White guys dress in one corner. Black guys dress in another corner. Latin guys in a third corner.
He walks into a major league stadium populated like nearly all major league stadiums.
The white faces are the ones in the seats. The black faces are the ones selling the popcorn. The brown ones are the ones selling the programs.
If he has a problem, he talks to a front office that looks like nearly all major league front offices.
The general manager is white. The president is white. The owner is white.
It is not John Rocker who needs treatment.
It is professional baseball.
At age 25, the cornerstones of his belief system stuck firmly in the Georgia clay, John Rocker is a lost cause.
Referring to a black teammate as a ''fat monkey?''
Noting that, ''I'm not a very big fan of foreigners. ... How the hell did they get in this country?''
Saying this stuff though a guy sitting next to you is writing it all down for a national magazine?
You can't treat that sort of ingrained ignorance. You can't fix that kind of casual racism.
Rocker is beyond repair.
Baseball, however, is not.
The most shocking aspect of Rocker's statements should not have been the words, but that he was so comfortable saying them.
He apparently said ''fat monkey'' as if he were saying, ''Good morning.''
As if he's says that stuff all that time. As if he has lived in an environment where few would challenge it.
Anyone who has been around baseball longer than five minutes can imagine that he has.
Some of the best players I covered in my 10 years as a baseball beat guy have been some of the most homophobic and racist I have met. Not only the white ones, but also the blacks and Latinos.
On many teams, the blacks keep mostly to themselves, in a group, often referred to as a posse.
There's also a group of a whites referred to as rednecks, and another group of whites known as Bible thumpers.
Then there are the Latinos, a group often unnamed and ignored.
While Rocker's comments seemed to reveal a deep-seated hatred that is probably rare among players who generally work together well on the field, his awkwardness with diversity is not.
Remember this quote?
''I mean, you've got (Hideo) Nomo from Japan, Chan Ho (Park) from Korea. You've got guys from the Dominican Republic and Mexico. So what do people expect? That all of a sudden, we're going to be one big happy family?''
And this quote?
''Obviously, I'm going to gravitate toward Eric (Karros) and (Todd) Zeile. Brett (Butler) is going to hang out with his group, and the Mexicans are going to hang out together and the Dominicans are going to hang out together. ... I don't think there's anything anybody can do or say to change those cultural and background differences.''
Yep. That was Mike Piazza, 1997, talking about the Dodgers' chemistry problems.
Piazza is a kind soul who is as different from John Rocker as concrete is from oatmeal. At the time, he thought he was simply stating fact.
The problem is, he was.
To understand the solution, we must realize that these players didn't become this way the minute they buttoned up their first major league jersey.
It starts in the minor leagues where, unlike in basketball and football, many kids are thrown together without the benefit of a diverse college experience.

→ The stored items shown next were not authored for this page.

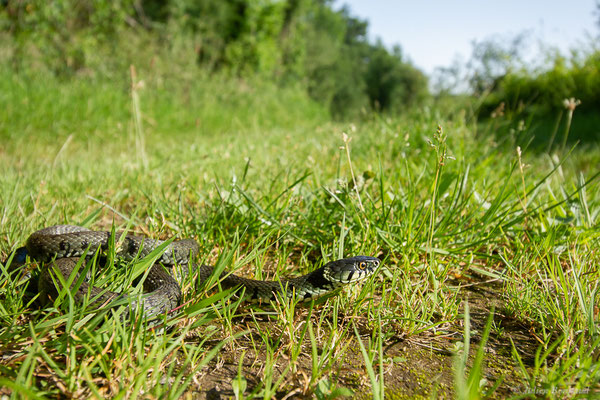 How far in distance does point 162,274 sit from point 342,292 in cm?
99

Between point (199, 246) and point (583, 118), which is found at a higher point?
point (583, 118)

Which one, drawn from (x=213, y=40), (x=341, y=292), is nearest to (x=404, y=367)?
(x=341, y=292)

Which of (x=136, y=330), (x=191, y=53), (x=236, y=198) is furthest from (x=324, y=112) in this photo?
(x=136, y=330)

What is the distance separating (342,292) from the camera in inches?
84.7

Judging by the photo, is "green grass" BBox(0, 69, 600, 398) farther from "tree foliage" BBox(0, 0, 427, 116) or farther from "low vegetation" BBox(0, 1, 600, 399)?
"tree foliage" BBox(0, 0, 427, 116)

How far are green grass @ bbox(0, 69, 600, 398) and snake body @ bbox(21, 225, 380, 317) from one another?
0.08m

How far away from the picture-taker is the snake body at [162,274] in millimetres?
1887

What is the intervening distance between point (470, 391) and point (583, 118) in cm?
1837

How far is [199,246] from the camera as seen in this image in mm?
2596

Racial attitudes are not broken down, they are reinforced. Ignorance is not challenged, it is often embraced by others just as ignorant.
On a bus in the Appalachian League. In a clubhouse in the Carolina League. Standing in the outfield on a warm night in Durham, or a cold day in Danville.

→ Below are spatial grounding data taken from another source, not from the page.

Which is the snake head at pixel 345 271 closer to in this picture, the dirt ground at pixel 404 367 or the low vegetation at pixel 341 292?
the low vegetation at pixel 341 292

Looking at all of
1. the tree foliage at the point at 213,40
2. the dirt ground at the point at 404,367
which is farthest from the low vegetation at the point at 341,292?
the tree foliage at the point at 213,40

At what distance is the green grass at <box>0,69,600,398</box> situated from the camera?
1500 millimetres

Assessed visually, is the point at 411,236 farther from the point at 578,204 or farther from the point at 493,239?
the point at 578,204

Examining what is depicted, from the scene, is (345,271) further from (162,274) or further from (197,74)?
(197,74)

It doesn't help that, unlike in basketball and football, most of the young players are white.
Baseball needs to catch its players here. It needs to send the fancy psychologists not to John Rocker, but to the small towns and tiny clubhouses where there are teenagers who can still be taught.
Ignore baseball's vow to fix Rocker today. Demand, instead, that it establish sensitivity programs that can silence the John Rockers of tomorrow.
As for the Rocker of the future?
Baseball could ban the Atlanta Brave reliever for life, but the courts would allow that to stick for about as long as it takes you to say, ''Latrell Sprewell.''
The Braves could release him, but somebody else would sign the hard-throwing left-hander in about 10 seconds, and that would only allow him to get a fresh start in a new clubhouse that he could enter without bodyguards.
No, the worst thing the Braves can do to John Rocker is nothing. He chose to make his bed with the sheet over his head? So make him sleep in it. Make him stay on the team.
He spends spring training bumping elbows in cramped Florida clubhouses with players he slandered; the catcher from Puerto Rico, the center fielder from Curacao, the black right fielder from Baltimore.
He faces, on a daily basis, that ''fat monkey'' and all of his friends.
He plays in the city of Martin Luther King Jr., working amid people who have worked all of their lives to overcome his sort of hate.
And maybe, if the Braves are really lucky, on his way out of the clubhouse one day or every day, John Rocker bumps into Hank Aaron.